The U.S. Senate advanced a measure allowing President Barack Obama to expedite approval of trade agreements, a bill with bipartisan support in that chamber that may run into strong opposition from House Democrats.
The 65-33 vote Thursday followed separate votes sought by Democrats to pass proposals curbing currency manipulation and boosting imports from sub-Saharan Africa. The Senate plans to consider amendments to the fast-track trade proposal next week.
A rebellion Tuesday among Senate Democrats seeking the currency provision previews what may be fiercer battle ahead between Democrats and House Speaker John Boehner, an Ohio Republican.
“There’s a broad feeling we have to do something against China” on currency manipulation, New York Senator Charles Schumer, told reporters before the vote on advancing the trade bill. He called the currency measure “a shot across China’s bow that we’re not going to just sit there and do nothing.”
Thirteen Democrats joined with Republicans to advance the measure. Schumer, the chamber’s third-ranking Democrat and a leader of this week’s rebellion, wasn’t among them.
The fast-track bill would allow Obama to submit trade agreements to Congress for an up-or-down vote without amendments. He hopes to complete a 12-nation Trans-Pacific Partnership and send it for fast-track approval.
On Tuesday, Democrats blocked Republicans from advancing the fast-track bill without also voting on the currency measure. Many Democrats remain stung by the 1994 North American Free Trade Agreement, which is blamed by labor unions for a decline in U.S. manufacturing jobs.
The trade bill, H.R. 1314, would give Obama and the next president fast-track powers for six years.
Senate Majority Leader Mitch McConnell, a Kentucky Republican, said Thursday the agreement to separate the two measures from the broader trade bill was a sensible plan.
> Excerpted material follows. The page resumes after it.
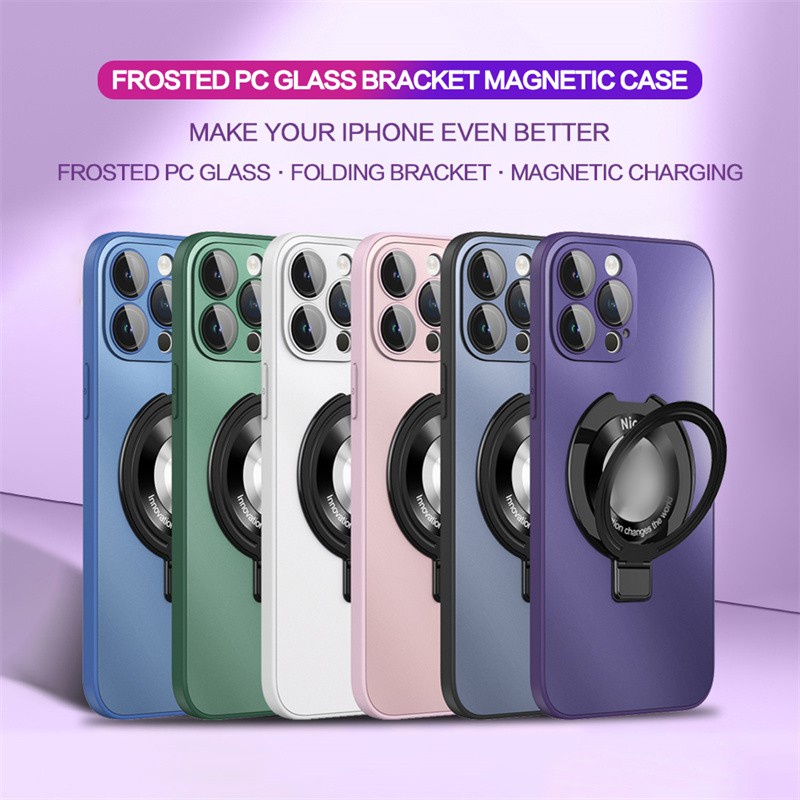 IPHONE Bracket Lipat Casing Ponsel Pengisian Magnetik Untuk Iphone11 12 13 14 Pro Max14 plus logo show anti-drop case Minimalis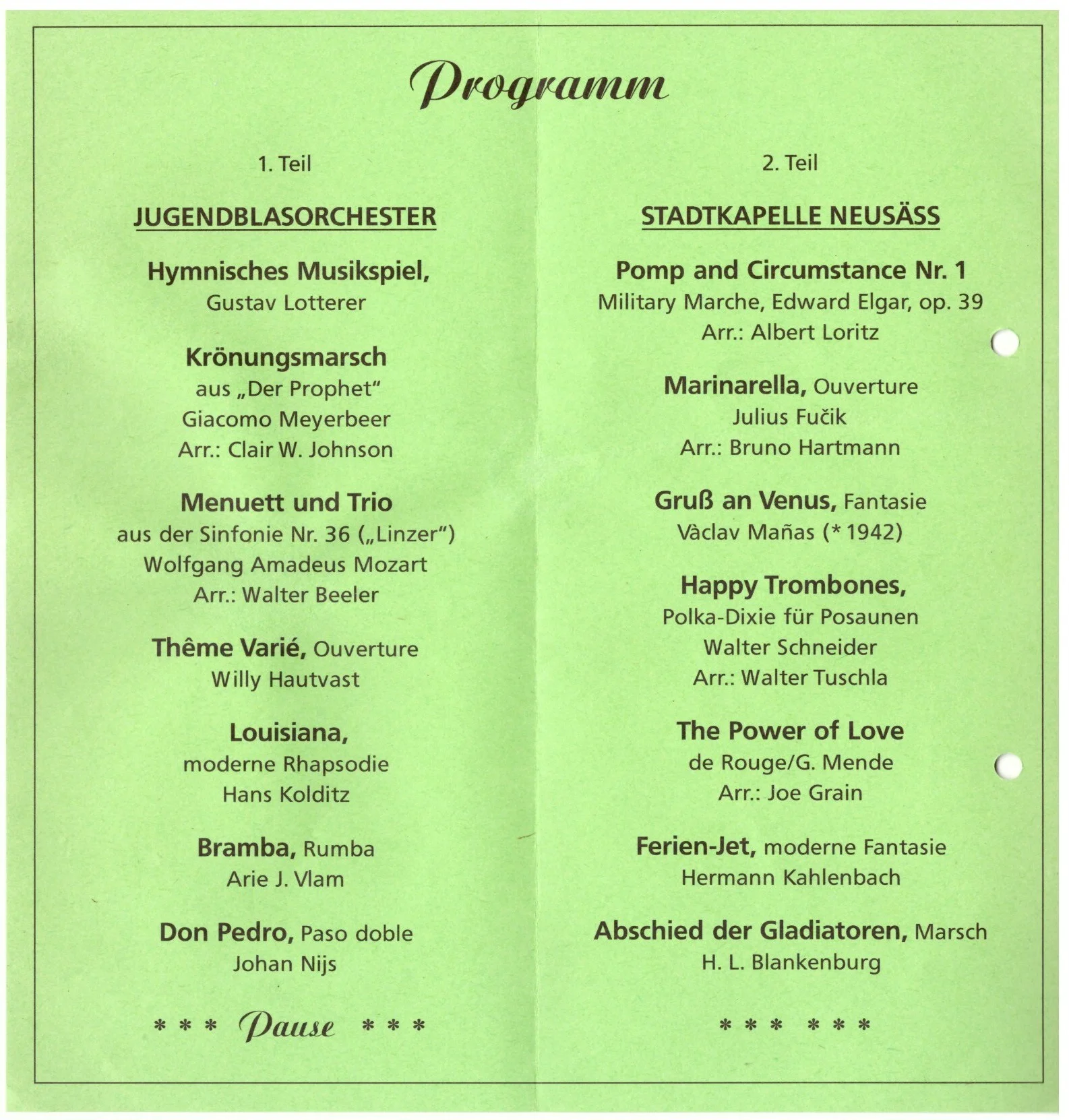 Bild: 1991 Frühjahrskonzert Programm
“I’d like to thank the president,” McConnell said. “No, you’re not hearing things. President Obama has done his country a service by taking on his base and pushing back on some of the more ridiculous rhetoric we’ve heard.”
The administration said it favors parts of the measure but opposes the way it addresses currency manipulation.
The currency measure would give the Commerce Department new power to penalize imports from countries that manipulate exchange rates. Schumer has for a decade wanted stronger action against countries -- notably China -- that drive down the value of their currencies to make exports more competitive.
The Treasury Department opposes the Schumer provision, arguing that it would expose the U.S. to retaliation and could violate U.S. obligations under existing trade agreements. Treasury prefers to address currency issues in other talks, led by finance ministers.
Even Schumer has acknowledged the measure would draw a presidential veto. In the House, Representative Paul Ryan, the Wisconsin Republican who is chairman of the Ways and Means Committee, has repeatedly opposed currency-related riders on trade legislation.
The currency language was added to U.S. Customs legislation that includes a number of measures to enforce existing U.S. trade laws, sought by companies including the steel industry, as well as child-labor laws.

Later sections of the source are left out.